“Internationally, every Siemens Gamesa Direct Drive offshore wind turbine we install increases the impact made by the renewable energy industry in avoiding CO2 emissions from power generation. Locally, we help our customers provide cost-efficient clean energy as well as additional economic benefits,” says Andreas Nauen, CEO of the Siemens Gamesa Offshore Business Unit.
Once online, the project is expected to provide enough clean energy to power 650,000 homes at rated wind speed, avoiding 3.7 million tons per year of carbon emissions compared to fossil fuel-based power generation. This is another milestone agreement for the United States as it aims to add 25 GW of renewable energy by 2030, enough to provide clean, renewable energy to approximately 12 million average homes, or 10% of total U.S. households.
“We’re confident that offshore wind power is already one of the fastest-growing, most important contributors on which Virginia state agencies can draw to reach their ambitious renewable energy goals. Receiving 30 percent of its electricity from renewable sources by 2030 is fully feasible, and we are eager to lead the way for the citizens of the Commonwealth,” says Steve Dayney, Head of Offshore North America at Siemens Gamesa Renewable Energy. “We have always believed that the Coastal Virginia demonstration project currently underway with Dominion Energy is a gateway to something bigger and now Virginia is poised to benefit from the wide-ranging economic benefits the Dominion Energy Virginia Offshore Wind project will bring.”

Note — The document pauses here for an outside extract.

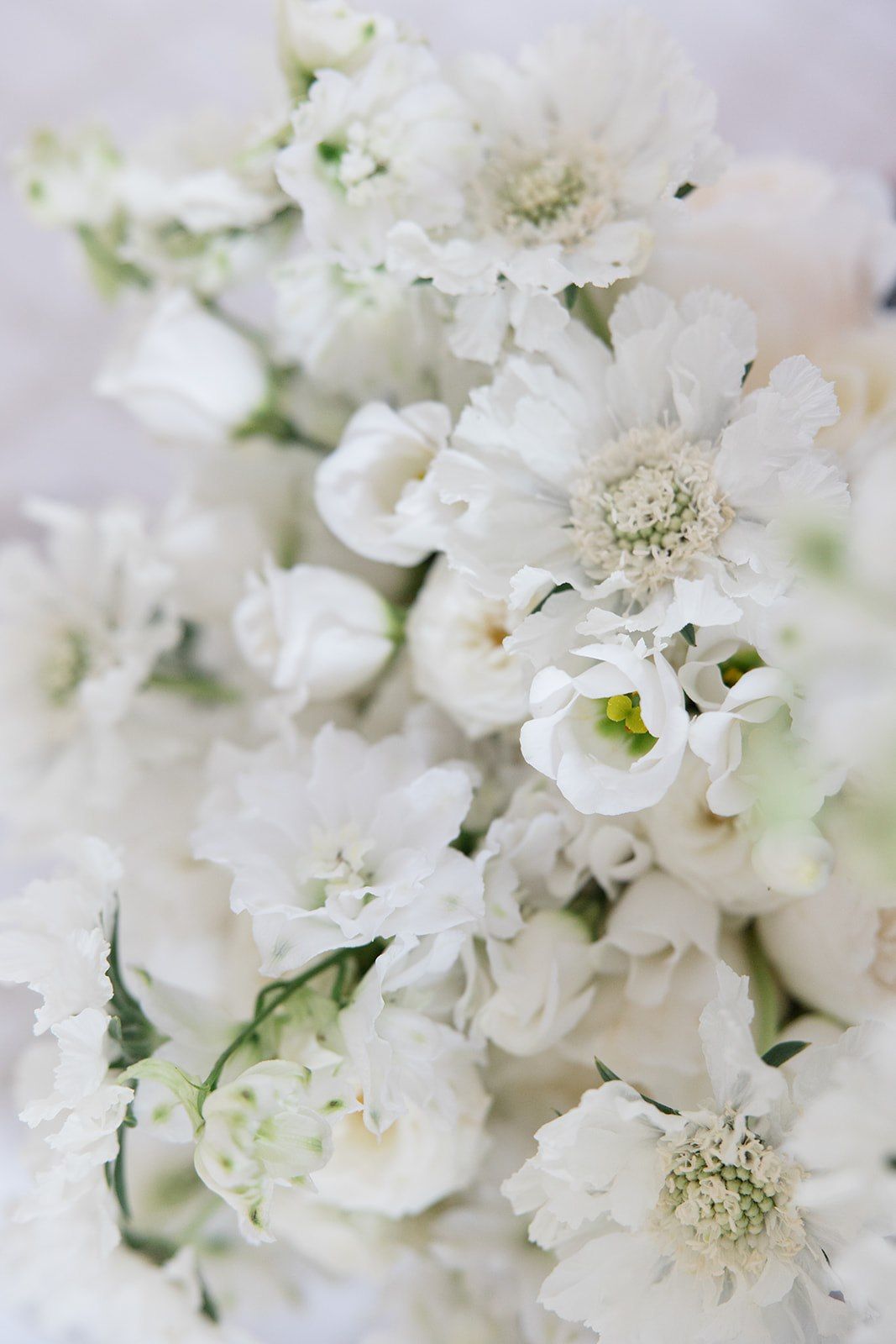 Close-up view of delicate white stock flowers with small clustered petals creating a soft, romantic floral background.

Dominion Energy Virginia Offshore Wind expands on knowledge gained though the current two-turbine,12-MW Coastal Virginia Offshore Wind (CVOW) project. It is the first offshore wind project to be built in U.S. Federal waters and will utilize Siemens Gamesa’s 6-MW SWT-6.0-154 wind turbines. CVOW is set to be online in 2020 within a research lease area adjacent to site of the 2,640-MW project will be located.
The agreement for Dominion Energy Virginia Offshore Wind also provides for certain early works to support project development, including turbine layouts which will be used in the Construction and Operations Plan (COP) submittal to the United States Department of the Interior’s Bureau of Ocean Energy Management in late 2020.